* **EXERCISE INPUTS**:
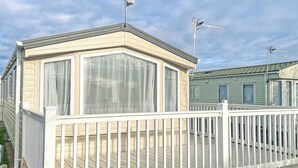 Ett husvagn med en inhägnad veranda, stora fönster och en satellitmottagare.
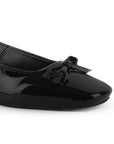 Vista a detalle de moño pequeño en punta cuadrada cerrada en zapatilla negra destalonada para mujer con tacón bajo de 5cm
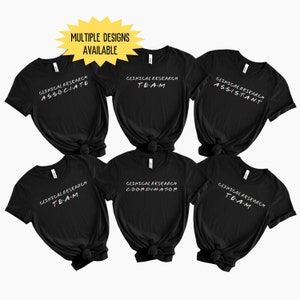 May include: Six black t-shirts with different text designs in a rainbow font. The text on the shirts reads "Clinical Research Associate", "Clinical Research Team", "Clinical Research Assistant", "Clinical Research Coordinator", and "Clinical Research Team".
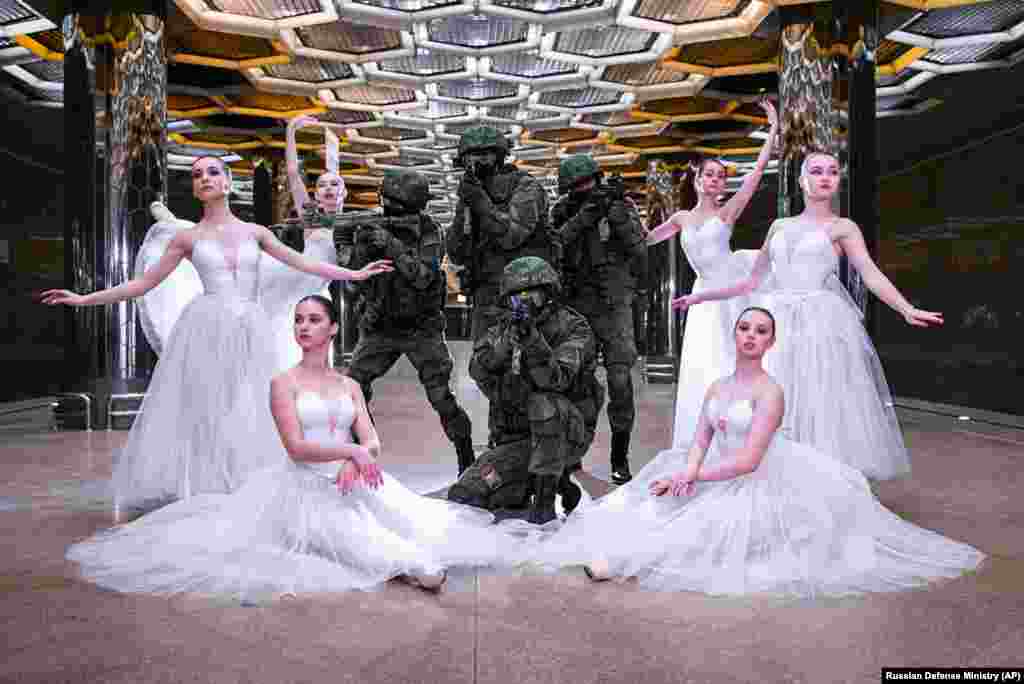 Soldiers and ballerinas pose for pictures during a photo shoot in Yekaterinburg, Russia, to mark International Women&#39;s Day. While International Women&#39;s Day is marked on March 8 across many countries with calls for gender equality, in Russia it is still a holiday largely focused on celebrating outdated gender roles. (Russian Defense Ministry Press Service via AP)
==
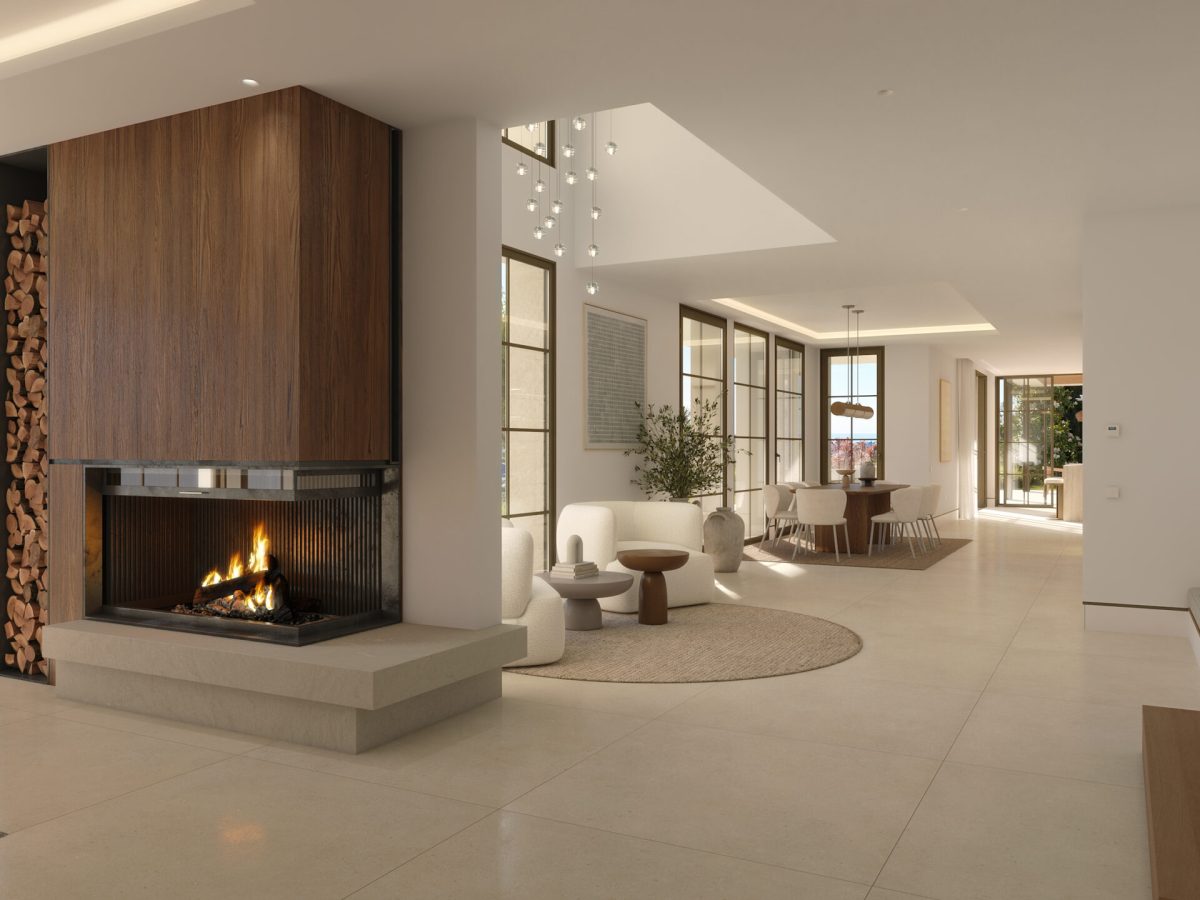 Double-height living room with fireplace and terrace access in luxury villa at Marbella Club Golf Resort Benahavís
--
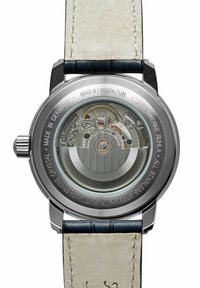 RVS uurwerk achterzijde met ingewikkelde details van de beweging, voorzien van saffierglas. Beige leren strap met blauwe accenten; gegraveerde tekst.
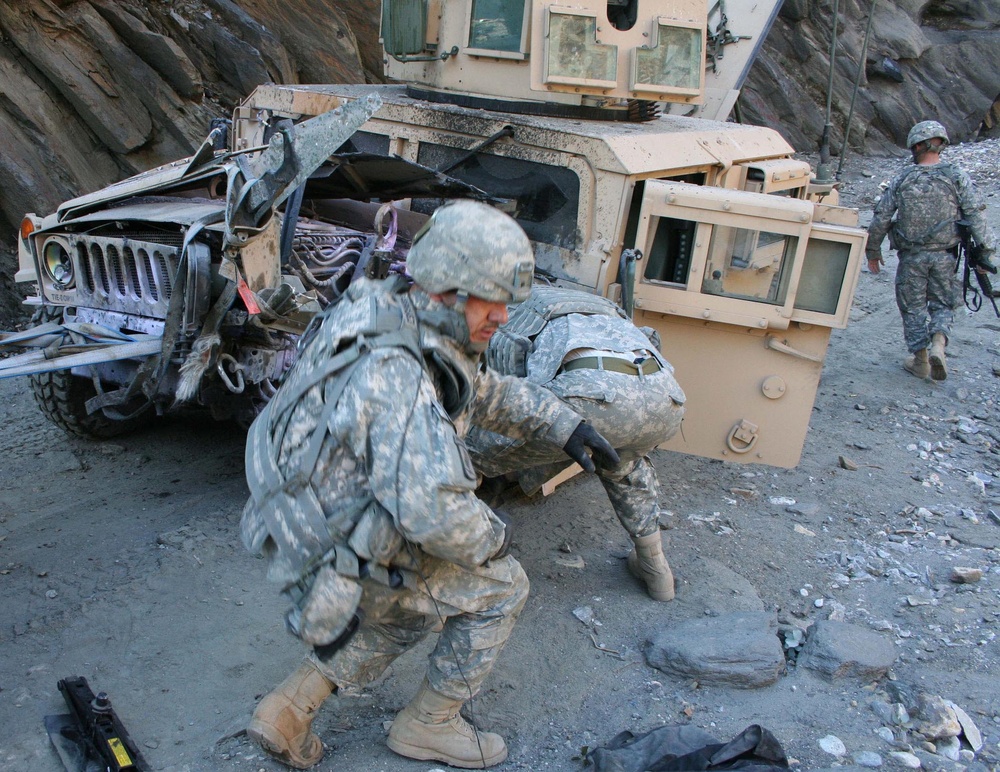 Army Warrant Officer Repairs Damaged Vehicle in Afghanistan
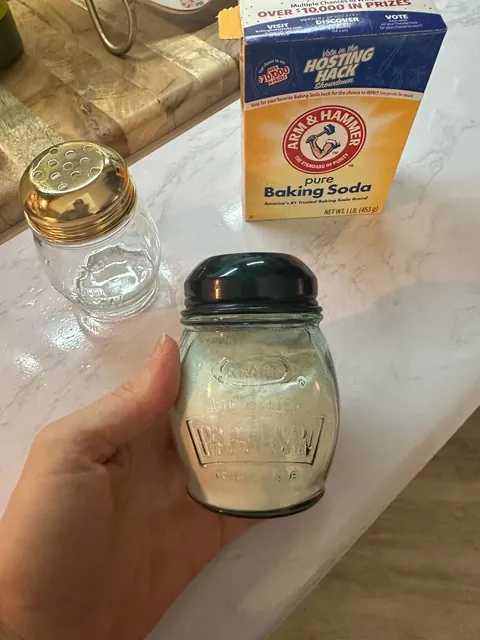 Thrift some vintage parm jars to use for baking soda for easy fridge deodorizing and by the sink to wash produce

* **WHAT THE EXERCISE ASKS**: Within the listing above, the lines starting at the one containing "Ett husvagn med" and ending at the one containing "Soldiers and ballerinas" are to be returned exactly. Omit the pictures.

* **RESPONSE**:
 Ett husvagn med en inhägnad veranda, stora fönster och en satellitmottagare.
 Vista a detalle de moño pequeño en punta cuadrada cerrada en zapatilla negra destalonada para mujer con tacón bajo de 5cm
 May include: Six black t-shirts with different text designs in a rainbow font. The text on the shirts reads "Clinical Research Associate", "Clinical Research Team", "Clinical Research Assistant", "Clinical Research Coordinator", and "Clinical Research Team".
 Soldiers and ballerinas pose for pictures during a photo shoot in Yekaterinburg, Russia, to mark International Women&#39;s Day. While International Women&#39;s Day is marked on March 8 across many countries with calls for gender equality, in Russia it is still a holiday largely focused on celebrating outdated gender roles. (Russian Defense Ministry Press Service via AP)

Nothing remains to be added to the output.